The Role of Collective Impact in the Sport for Development Sector 

The Sport for Development (S4D) sector is a part of the wider social good sector which uses sport and physical activity as a tool to create social change/development outcomes. I know from personal experience of founding and running Steet League for 10 years, about the influence that well run sport for development programs can have on individuals’ lives. Street League continues to this day supporting young disadvantaged adults in the UK in finding the right education, training and job opportunities, where other more traditional interventions have failed. In a similar vein, the global S4D sector aspires to help solve problems ranging from extreme poverty, the HIV and AIDS epidemic, peace and conflict resolution in war-torn countries and communities, and to empowering women and girls to realise better futures.

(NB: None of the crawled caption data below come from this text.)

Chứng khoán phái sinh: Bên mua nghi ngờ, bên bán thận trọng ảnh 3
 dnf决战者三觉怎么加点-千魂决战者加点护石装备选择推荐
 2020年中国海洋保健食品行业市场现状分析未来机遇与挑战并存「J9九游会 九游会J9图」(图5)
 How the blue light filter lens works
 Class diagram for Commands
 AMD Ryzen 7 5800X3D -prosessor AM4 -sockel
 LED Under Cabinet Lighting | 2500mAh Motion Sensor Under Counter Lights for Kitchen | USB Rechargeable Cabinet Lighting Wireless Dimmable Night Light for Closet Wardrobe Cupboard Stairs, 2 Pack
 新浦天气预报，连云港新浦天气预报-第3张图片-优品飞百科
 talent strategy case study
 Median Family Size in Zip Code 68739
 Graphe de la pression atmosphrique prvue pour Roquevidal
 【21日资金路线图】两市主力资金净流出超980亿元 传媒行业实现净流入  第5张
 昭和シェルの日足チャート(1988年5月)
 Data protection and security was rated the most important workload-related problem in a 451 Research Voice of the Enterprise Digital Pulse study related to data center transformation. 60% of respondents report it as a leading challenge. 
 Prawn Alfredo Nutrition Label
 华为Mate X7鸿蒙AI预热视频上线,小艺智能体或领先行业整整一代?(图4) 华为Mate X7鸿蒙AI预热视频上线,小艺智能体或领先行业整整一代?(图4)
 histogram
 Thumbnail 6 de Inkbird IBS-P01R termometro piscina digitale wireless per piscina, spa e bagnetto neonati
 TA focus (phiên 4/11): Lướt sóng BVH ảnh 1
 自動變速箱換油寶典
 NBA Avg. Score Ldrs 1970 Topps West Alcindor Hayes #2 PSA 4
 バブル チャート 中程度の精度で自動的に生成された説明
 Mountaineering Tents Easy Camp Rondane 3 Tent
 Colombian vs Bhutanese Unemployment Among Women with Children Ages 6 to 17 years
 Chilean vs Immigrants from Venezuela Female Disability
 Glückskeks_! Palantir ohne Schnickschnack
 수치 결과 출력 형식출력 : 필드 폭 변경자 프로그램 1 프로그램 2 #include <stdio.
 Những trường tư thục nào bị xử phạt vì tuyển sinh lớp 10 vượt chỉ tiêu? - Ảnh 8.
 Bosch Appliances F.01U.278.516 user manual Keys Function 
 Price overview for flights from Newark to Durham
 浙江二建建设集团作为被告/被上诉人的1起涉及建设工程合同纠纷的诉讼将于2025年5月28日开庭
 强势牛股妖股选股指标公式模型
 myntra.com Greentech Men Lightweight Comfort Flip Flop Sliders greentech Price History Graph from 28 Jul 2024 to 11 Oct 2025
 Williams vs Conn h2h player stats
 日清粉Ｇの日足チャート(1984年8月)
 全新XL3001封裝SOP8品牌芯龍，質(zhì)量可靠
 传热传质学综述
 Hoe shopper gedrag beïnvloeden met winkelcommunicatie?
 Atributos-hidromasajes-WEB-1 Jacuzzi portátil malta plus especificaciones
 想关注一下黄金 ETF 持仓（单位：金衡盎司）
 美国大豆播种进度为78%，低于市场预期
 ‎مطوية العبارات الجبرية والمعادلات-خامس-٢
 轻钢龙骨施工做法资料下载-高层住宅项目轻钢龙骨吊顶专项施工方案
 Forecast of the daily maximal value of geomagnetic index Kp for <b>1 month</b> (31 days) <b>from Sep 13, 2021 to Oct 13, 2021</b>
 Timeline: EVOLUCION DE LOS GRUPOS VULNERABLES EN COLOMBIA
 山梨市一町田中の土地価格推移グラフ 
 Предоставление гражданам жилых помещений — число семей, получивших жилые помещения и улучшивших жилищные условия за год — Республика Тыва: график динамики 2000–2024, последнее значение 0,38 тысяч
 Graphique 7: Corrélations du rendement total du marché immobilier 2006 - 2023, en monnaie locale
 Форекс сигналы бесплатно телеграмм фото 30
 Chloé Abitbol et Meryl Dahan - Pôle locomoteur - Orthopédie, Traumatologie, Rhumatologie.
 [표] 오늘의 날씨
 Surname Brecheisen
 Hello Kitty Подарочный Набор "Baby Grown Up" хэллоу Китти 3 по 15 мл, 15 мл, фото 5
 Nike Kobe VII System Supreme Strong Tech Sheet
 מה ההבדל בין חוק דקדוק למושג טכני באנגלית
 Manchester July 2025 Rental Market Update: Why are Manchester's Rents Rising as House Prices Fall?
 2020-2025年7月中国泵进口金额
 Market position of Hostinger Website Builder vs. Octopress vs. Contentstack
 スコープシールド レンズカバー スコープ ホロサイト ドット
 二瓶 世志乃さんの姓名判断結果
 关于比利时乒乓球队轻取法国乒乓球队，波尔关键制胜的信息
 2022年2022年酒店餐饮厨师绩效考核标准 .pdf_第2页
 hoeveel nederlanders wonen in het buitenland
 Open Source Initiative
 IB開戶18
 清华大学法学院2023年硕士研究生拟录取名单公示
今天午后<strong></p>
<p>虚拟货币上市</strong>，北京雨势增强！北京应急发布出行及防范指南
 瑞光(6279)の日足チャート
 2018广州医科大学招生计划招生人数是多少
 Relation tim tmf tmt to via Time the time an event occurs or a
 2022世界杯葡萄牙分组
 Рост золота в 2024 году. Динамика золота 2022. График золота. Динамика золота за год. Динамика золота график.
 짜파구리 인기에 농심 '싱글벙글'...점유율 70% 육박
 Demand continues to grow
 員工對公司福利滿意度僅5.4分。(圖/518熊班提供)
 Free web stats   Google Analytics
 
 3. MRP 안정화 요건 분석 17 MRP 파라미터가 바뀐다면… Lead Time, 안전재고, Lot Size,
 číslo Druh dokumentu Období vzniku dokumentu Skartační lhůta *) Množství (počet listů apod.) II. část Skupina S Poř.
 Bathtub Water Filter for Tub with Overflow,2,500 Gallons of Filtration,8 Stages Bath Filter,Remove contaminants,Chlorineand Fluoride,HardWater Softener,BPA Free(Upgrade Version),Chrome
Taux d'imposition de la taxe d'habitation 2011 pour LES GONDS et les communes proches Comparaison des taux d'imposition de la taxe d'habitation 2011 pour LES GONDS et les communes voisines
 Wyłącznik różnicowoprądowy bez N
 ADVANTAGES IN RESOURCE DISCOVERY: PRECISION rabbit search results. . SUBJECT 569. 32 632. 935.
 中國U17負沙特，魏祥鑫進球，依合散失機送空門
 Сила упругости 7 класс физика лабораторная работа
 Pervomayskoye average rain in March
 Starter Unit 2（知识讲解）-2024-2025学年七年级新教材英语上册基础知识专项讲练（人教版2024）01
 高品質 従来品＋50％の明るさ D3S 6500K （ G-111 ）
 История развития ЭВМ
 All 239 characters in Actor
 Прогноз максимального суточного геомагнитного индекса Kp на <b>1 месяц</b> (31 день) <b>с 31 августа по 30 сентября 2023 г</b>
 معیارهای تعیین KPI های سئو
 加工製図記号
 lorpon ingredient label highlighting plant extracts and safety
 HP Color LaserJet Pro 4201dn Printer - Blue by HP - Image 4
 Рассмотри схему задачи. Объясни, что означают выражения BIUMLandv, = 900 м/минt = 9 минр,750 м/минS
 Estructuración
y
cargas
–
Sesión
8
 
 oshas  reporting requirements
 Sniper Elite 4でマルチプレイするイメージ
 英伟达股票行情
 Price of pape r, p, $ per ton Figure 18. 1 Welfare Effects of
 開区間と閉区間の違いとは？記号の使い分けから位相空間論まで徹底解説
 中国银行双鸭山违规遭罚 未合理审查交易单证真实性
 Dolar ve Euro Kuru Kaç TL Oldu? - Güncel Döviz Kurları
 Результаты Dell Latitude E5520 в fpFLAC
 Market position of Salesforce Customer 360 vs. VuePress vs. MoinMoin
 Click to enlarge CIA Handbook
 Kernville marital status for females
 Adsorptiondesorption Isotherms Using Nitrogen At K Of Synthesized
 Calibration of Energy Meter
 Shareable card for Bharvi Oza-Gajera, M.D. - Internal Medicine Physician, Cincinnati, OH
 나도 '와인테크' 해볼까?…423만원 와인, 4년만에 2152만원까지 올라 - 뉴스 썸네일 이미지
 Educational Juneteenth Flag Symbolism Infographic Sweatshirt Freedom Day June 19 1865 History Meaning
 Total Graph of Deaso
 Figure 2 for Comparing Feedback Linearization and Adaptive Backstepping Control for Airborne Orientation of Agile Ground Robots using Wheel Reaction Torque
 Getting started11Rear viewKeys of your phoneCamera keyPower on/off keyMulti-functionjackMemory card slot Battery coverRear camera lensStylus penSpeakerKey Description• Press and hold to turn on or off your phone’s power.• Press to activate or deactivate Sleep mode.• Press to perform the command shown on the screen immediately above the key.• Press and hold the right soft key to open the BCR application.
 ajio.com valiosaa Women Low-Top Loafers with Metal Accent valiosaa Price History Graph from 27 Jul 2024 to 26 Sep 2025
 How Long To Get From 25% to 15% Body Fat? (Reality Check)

The unifying feature of all these problems is their inherent complexity i.e. there is no one simple solution that fits all situations and contexts. These issues, that often small NGO’s operating in the field seek to address, are usually influenced by large, complex and interdependent systems, which involve many different players including governments, for-profit corporations, and large foundations.

The S4D sector has traditionally worked in a fragmented way, driven by funders who focus their efforts upon selecting individual grantees; therefore non-profits have traditionally worked separately and compete for the limited resources available. This subsequently drives the evaluation attempts of the sector to specifically isolate a single organization’s impact. Funders usually grant with the hope of finding THE one ‘magic bullet’ which can then be scaled up in future to create sufficient impact to solve the problem in question. All this effort is also usually disconnected from corporate and government sectors. The RESULT….an elusive ‘magic bullet’, with only isolated examples of impact, where individual success stories and case studies prevail (which, don’t get me wrong, are a good thing in themselves!), but there is no conversion of this success to the general population or community-wide level.

Alison Carney

Members of the S4D sector need to have a new model of thinking and acting on complex problems. Collective Impact has emerged in recent years as a model the social sector can look toward to create change. According to FSG Collective Impact Model 2013, collective impact is the commitment of a group of actors from different sectors to a common agenda for solving a complex social problem However, just to be clear, collaboration efforts across the social sector are nothing new. Collective Impact coalitions, however, are much more structured and intentional in aligning everyone’s respective efforts, learning from what works and driving interdependence amongst actors, by applying a set of key principles and processes designed to make collaboration much more effective. For example, through a common goal orientation and a commonly agreed strategic approach, a group of actors gradually become more aware of their dependence upon the success of others in their environment to achieve their long-term social goals. The process raises everyone’s collective awareness of ‘the fundamental underlying problems’ that exist at the ‘systems level’, and in the same instance, the awareness offers a collective solution to them, instead of working in the individual bubble that has been the case in the past.

To this extent Collective Impact is more of a ‘problem solving approach’ to situations of social complexity than a ‘one size fits all’ solution in itself. This raises the game for everyone concerned, as well as increases the long-term likelihood of actually eradicating a complex social issue!

One of the most important tools to enable such an inter-dependence to exist in practice is the development of shared measurement practices across a collective. Shared Measurement involves organisations who are working on similar issues, developing a common understanding of what to measure and developing the tools that can be used by many NGO’s, social enterprises and funders working towards these same goals. This means coordinating how different sport for development organizations measure their results and coordinating the learning from the evidence base that subsequently emerges. Such efforts are now underway through Laureus Sport for Good Foundation’s USA Model City Initiative in New Orleans. Through this initiative, Laureus USA is acting as a backbone organization to facilitate the New Orleans Sport for Community Coalition (NOSCC). This work is supported by the inFocus evaluation team and its’ associated tools designed to support shared measurement practices.

Through NOSCC, we are not only driving the ability of many non-profits working on the ground across New Orleans to identify and learn from their peers’ most successful practises, but also we are looking to support the various funders’ efforts to make more informed choices about the deployment of resources.

The most fundamental and exciting product of introducing shared measurement practices to a coalition of this type, is the subsequent ability of these collective initiatives, whether acting at the global, regional or local level, to fundamentally drive a ‘systems level’ approach to solving the many complex social issues the sector seeks to address. In order to fully realize the potential impact of sport for development as a sector, we need to collectively take a ‘systems level’ approach rather than continuing to create ‘isolated impact.’